### Exercise aim
Your answer should consist solely of the lines from the first line of the data through the line with "Rosa BlumenPrinzessin Mis", each reproduced exactly.

** Task material follows **

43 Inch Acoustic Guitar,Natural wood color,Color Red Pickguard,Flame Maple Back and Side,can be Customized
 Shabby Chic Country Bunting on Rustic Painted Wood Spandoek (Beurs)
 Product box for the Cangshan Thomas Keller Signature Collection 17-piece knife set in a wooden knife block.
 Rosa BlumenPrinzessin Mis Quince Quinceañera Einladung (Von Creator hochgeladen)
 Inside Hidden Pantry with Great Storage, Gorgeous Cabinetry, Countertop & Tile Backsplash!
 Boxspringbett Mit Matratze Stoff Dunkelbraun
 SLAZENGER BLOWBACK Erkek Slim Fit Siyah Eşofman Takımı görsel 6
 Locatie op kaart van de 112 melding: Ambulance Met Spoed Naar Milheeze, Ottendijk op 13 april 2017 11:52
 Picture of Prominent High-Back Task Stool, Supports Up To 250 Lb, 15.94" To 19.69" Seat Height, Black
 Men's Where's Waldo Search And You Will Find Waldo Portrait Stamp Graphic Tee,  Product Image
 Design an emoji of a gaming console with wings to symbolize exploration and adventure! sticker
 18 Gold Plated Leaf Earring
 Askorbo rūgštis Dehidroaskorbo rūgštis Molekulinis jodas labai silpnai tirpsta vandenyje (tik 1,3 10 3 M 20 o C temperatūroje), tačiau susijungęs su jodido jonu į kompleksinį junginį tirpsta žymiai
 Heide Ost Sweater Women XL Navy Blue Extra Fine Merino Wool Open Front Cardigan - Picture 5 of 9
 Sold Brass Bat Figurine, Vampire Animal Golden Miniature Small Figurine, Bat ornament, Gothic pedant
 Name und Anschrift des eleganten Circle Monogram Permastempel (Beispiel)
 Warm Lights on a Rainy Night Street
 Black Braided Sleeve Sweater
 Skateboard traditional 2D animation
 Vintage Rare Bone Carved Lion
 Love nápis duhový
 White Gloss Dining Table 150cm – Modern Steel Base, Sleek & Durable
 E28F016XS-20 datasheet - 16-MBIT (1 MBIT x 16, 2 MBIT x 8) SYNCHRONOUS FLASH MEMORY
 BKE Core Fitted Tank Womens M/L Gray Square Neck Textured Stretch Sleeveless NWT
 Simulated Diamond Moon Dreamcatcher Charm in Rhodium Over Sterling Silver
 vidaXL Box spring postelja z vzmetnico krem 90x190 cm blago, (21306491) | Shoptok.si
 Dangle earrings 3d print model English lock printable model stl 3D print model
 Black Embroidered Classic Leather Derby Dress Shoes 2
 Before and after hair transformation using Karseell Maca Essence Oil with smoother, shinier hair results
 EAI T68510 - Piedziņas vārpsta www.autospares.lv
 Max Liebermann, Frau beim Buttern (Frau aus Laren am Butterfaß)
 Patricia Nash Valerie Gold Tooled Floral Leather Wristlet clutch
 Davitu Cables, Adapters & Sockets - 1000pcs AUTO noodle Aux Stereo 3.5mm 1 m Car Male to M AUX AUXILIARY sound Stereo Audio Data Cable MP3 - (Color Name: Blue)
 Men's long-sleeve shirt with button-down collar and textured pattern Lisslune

** End of Task material **

### Response below
43 Inch Acoustic Guitar,Natural wood color,Color Red Pickguard,Flame Maple Back and Side,can be Customized
 Shabby Chic Country Bunting on Rustic Painted Wood Spandoek (Beurs)
 Product box for the Cangshan Thomas Keller Signature Collection 17-piece knife set in a wooden knife block.
 Rosa BlumenPrinzessin Mis Quince Quinceañera Einladung (Von Creator hochgeladen)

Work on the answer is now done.